## DATA TO USE
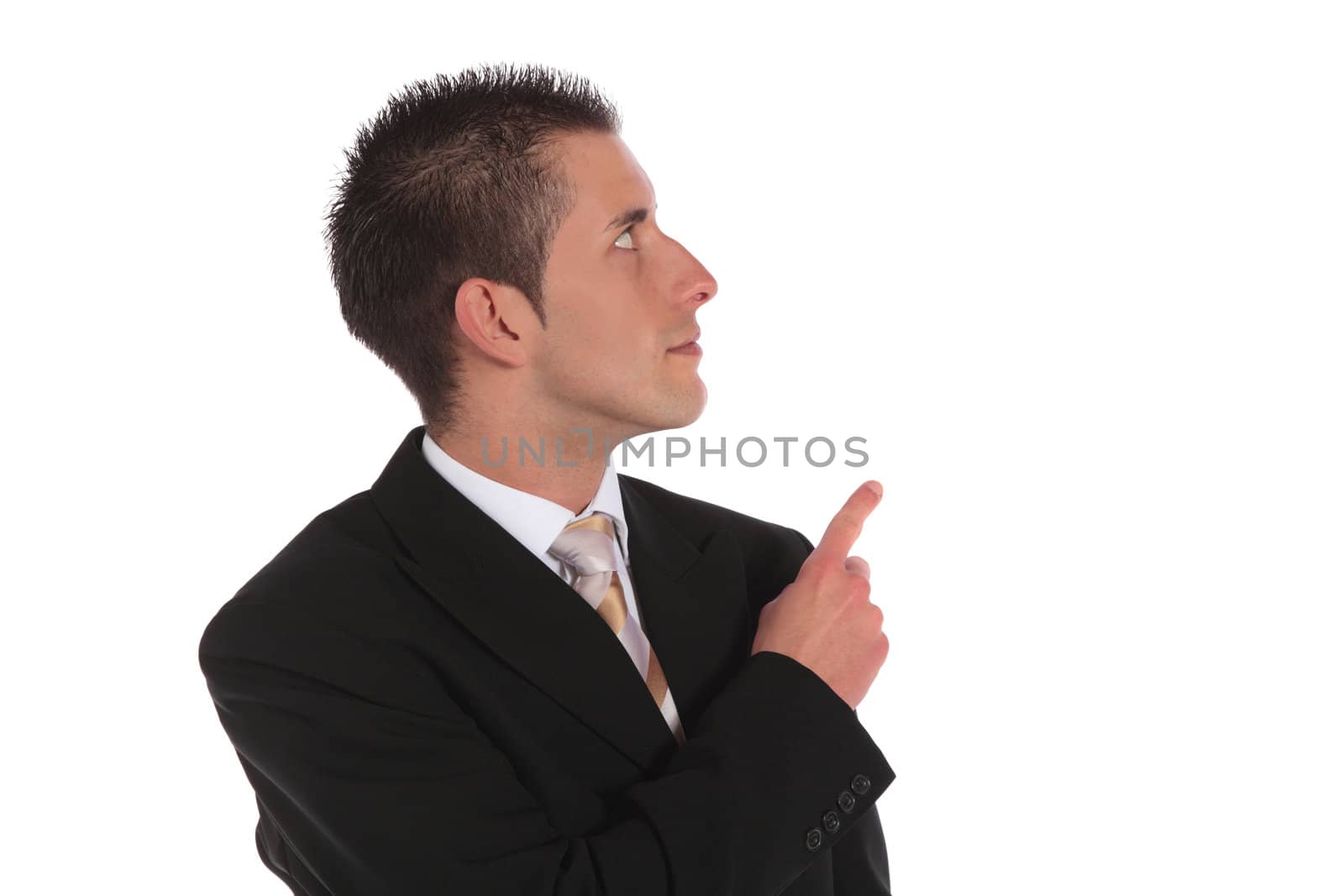 A handsome businessman pointing with finger. All on white background.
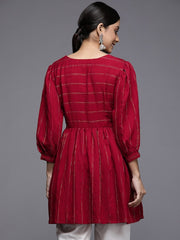 Mastani Maroon Red Puff Sleeves Frock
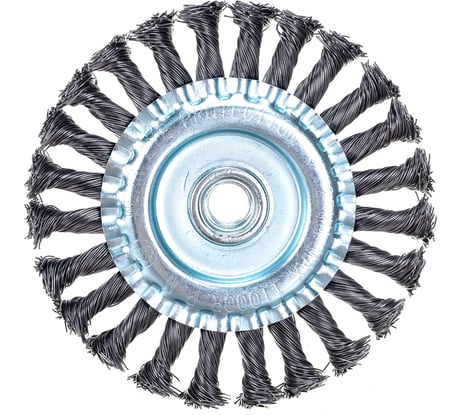 Корщетка-колесо гайка М14 стальная витая проволока 125 мм FIT 39123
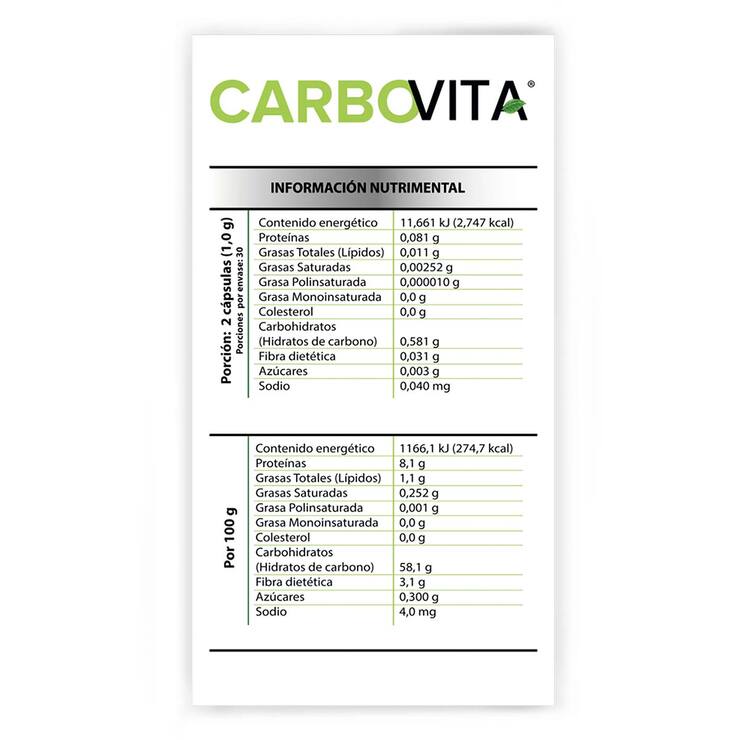 Carbovita, Carbón Activado, Jengibre, Té Verde y Clorofila 2 Frascos de 60 Cápsulas c/u — Imagen 4 de 4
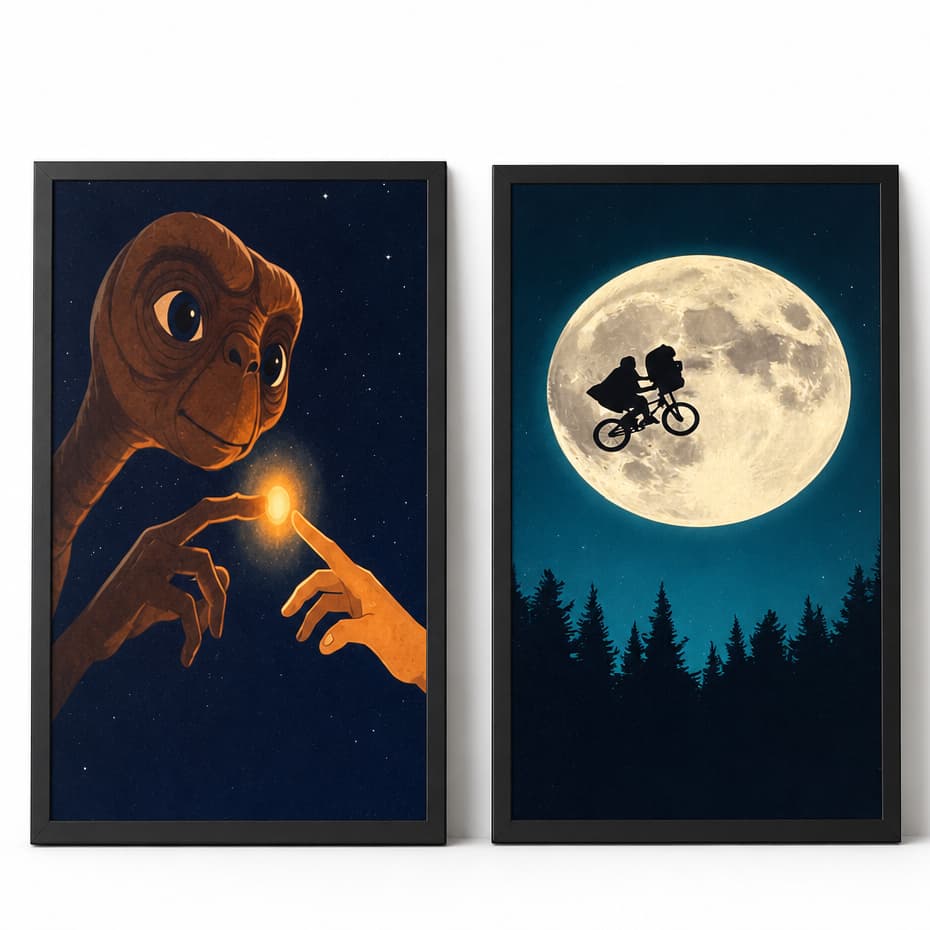 Kit Quadro ET Decorativo - 2 Quadros Decorativos ET Extraterrestre 30x18cm MDF 3mm Arte com Impressão UV
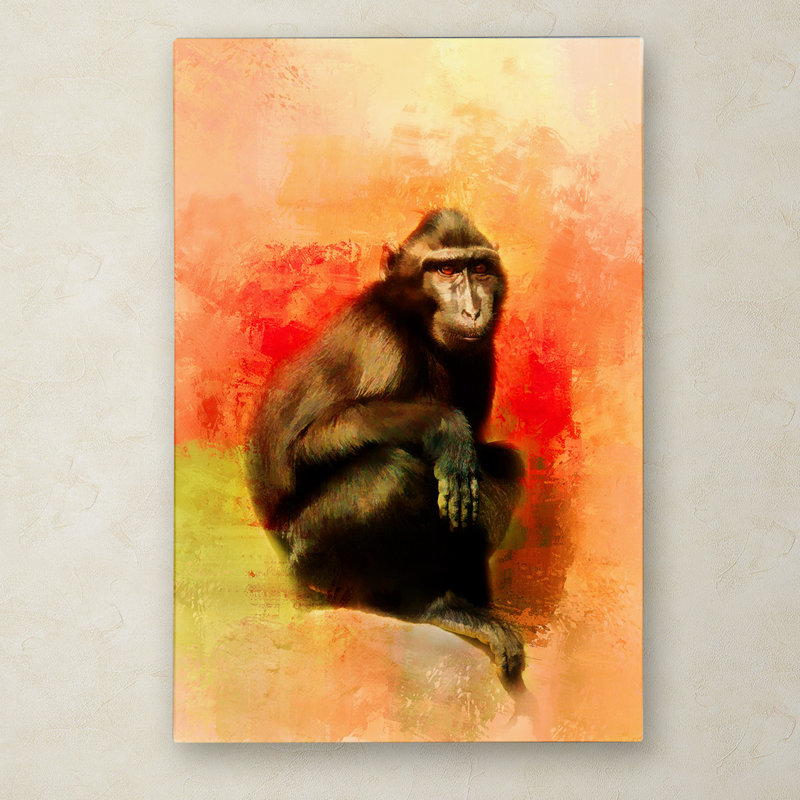 «Colorful Expressions Black Monkey» de Vidur, impression sur toile tendue, H 19 po x l 12 po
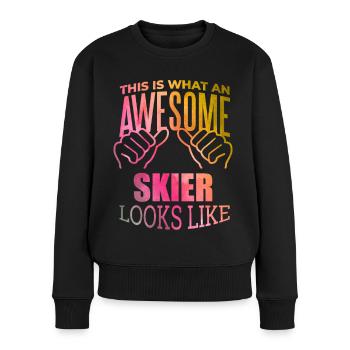 Skiing - Women's Premium Organic Jumper - black - Front - Julia (174cm)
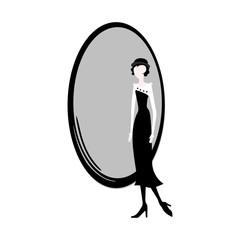Retro woman in trendy 10s style in front of a mirror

## ABOUT THIS TASK
With pictures excluded, restate word for word the lines from the one that contains "Kit Quadro ET" through the end of the material, inclusive, and nothing more.

## RESPONSE AREA
 Kit Quadro ET Decorativo - 2 Quadros Decorativos ET Extraterrestre 30x18cm MDF 3mm Arte com Impressão UV
 «Colorful Expressions Black Monkey» de Vidur, impression sur toile tendue, H 19 po x l 12 po
 Skiing - Women's Premium Organic Jumper - black - Front - Julia (174cm)
Retro woman in trendy 10s style in front of a mirror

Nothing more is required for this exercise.